WORK INSTRUCTIONS:
Show the lines below where "Blue" occurs.
*** SUPPLIED ENTRIES ***
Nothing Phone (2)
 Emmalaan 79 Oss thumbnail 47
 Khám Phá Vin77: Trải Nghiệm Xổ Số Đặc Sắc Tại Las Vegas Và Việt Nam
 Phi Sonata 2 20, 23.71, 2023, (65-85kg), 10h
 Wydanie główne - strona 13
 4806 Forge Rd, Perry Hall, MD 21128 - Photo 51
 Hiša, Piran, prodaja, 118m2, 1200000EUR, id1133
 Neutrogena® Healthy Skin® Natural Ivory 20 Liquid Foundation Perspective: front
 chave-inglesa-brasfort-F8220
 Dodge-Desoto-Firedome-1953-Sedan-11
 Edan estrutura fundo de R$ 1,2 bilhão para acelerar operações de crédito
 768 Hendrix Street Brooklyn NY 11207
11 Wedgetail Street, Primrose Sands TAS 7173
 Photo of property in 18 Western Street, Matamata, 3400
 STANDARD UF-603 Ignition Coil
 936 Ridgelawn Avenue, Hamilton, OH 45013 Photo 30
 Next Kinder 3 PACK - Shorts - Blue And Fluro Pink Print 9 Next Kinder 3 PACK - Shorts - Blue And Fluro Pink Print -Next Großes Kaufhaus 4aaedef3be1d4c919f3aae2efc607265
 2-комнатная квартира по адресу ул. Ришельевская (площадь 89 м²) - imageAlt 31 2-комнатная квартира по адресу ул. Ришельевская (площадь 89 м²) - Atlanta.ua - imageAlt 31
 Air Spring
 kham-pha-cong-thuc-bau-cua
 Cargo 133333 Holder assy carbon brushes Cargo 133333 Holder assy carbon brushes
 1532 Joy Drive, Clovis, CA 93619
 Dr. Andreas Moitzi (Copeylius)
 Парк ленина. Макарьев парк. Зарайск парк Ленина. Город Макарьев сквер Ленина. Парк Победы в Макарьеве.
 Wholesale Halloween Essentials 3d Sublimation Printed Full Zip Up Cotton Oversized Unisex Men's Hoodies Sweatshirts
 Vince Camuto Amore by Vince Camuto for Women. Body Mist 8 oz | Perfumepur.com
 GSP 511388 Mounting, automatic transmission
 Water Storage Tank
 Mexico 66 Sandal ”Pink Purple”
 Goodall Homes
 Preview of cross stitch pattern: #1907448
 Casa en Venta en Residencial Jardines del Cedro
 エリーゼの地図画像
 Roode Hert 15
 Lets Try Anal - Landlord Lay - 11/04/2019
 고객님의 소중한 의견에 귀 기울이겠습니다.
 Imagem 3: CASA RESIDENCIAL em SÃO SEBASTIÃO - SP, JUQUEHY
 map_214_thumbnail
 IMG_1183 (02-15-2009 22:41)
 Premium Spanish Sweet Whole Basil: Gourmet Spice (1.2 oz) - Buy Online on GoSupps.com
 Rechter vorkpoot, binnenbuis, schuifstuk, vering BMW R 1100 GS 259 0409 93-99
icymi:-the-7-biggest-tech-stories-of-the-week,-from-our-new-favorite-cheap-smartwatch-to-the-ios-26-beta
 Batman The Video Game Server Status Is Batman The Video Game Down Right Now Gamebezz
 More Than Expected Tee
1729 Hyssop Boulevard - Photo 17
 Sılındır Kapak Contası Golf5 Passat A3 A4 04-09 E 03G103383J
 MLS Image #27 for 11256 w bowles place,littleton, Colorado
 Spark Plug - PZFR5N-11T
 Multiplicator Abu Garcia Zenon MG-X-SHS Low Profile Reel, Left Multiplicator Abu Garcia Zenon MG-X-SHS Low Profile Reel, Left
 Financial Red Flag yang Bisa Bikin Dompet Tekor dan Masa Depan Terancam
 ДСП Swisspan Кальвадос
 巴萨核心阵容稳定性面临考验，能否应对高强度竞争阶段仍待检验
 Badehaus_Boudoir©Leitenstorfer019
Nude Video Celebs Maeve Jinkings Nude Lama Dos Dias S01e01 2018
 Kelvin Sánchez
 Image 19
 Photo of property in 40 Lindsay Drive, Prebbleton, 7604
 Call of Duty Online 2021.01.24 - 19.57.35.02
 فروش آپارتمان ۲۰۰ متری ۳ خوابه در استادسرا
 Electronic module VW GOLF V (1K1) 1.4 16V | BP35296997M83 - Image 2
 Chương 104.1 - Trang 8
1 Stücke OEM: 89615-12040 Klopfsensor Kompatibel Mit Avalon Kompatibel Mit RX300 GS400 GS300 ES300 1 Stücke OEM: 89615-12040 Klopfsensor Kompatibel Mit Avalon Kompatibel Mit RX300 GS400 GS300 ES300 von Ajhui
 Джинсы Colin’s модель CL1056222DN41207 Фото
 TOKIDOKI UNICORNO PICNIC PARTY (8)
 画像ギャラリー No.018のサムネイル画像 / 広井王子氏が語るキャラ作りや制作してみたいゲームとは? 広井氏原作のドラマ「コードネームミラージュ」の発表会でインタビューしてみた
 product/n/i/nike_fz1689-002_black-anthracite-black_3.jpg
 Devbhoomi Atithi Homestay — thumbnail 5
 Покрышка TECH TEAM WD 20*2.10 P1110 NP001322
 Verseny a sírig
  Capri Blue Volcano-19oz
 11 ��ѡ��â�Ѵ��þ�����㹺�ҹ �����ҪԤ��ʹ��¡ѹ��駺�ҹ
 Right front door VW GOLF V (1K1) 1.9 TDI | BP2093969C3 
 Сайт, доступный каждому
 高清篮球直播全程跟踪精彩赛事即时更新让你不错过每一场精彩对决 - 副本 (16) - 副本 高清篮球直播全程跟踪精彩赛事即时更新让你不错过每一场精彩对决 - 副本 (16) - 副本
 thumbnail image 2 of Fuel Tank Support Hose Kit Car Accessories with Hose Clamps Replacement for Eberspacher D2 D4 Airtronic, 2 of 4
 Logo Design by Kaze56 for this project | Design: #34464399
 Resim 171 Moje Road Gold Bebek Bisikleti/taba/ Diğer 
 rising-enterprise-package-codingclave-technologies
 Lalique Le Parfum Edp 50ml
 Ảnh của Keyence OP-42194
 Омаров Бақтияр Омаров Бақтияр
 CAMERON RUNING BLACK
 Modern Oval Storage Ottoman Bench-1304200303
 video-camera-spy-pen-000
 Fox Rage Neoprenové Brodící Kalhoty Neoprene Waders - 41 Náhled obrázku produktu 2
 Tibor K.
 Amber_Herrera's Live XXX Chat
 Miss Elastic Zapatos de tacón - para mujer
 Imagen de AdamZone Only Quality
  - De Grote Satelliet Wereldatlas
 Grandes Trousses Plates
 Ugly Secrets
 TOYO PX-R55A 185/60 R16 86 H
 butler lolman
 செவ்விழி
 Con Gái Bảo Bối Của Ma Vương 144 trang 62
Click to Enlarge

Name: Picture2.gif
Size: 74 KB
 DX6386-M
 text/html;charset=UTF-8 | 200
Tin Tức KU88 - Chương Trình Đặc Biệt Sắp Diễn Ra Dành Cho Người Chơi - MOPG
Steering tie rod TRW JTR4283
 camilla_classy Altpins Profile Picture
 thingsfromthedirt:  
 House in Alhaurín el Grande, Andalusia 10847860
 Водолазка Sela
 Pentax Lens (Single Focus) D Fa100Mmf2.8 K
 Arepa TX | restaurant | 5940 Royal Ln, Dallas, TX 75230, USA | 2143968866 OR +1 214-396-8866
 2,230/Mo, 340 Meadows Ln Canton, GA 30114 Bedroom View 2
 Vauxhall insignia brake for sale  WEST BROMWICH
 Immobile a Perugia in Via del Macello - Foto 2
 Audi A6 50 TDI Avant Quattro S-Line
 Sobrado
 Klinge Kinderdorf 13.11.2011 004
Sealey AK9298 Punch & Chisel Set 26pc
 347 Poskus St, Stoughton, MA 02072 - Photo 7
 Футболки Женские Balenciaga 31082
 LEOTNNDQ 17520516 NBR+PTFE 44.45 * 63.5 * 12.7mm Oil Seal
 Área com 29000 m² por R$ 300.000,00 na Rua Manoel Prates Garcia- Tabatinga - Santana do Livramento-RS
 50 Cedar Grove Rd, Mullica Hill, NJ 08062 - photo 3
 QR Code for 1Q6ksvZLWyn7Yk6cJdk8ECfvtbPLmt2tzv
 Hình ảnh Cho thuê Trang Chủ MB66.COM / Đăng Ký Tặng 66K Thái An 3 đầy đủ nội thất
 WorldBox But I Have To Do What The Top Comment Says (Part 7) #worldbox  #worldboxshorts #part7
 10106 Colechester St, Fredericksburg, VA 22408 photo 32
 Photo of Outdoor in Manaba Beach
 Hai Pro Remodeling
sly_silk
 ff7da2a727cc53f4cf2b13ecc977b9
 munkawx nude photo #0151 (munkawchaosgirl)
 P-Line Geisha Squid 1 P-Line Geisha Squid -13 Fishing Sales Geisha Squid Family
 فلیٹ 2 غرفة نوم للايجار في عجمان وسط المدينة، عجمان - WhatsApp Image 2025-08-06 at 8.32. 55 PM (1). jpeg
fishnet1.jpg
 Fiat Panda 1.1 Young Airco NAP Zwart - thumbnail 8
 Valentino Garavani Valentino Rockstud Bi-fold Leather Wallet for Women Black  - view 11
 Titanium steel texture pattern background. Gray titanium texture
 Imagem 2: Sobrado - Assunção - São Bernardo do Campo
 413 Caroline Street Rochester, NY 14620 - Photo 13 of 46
*** End of SUPPLIED ENTRIES ***
FINISHED EXERCISE:
 Next Kinder 3 PACK - Shorts - Blue And Fluro Pink Print 9 Next Kinder 3 PACK - Shorts - Blue And Fluro Pink Print -Next Großes Kaufhaus 4aaedef3be1d4c919f3aae2efc607265
  Capri Blue Volcano-19oz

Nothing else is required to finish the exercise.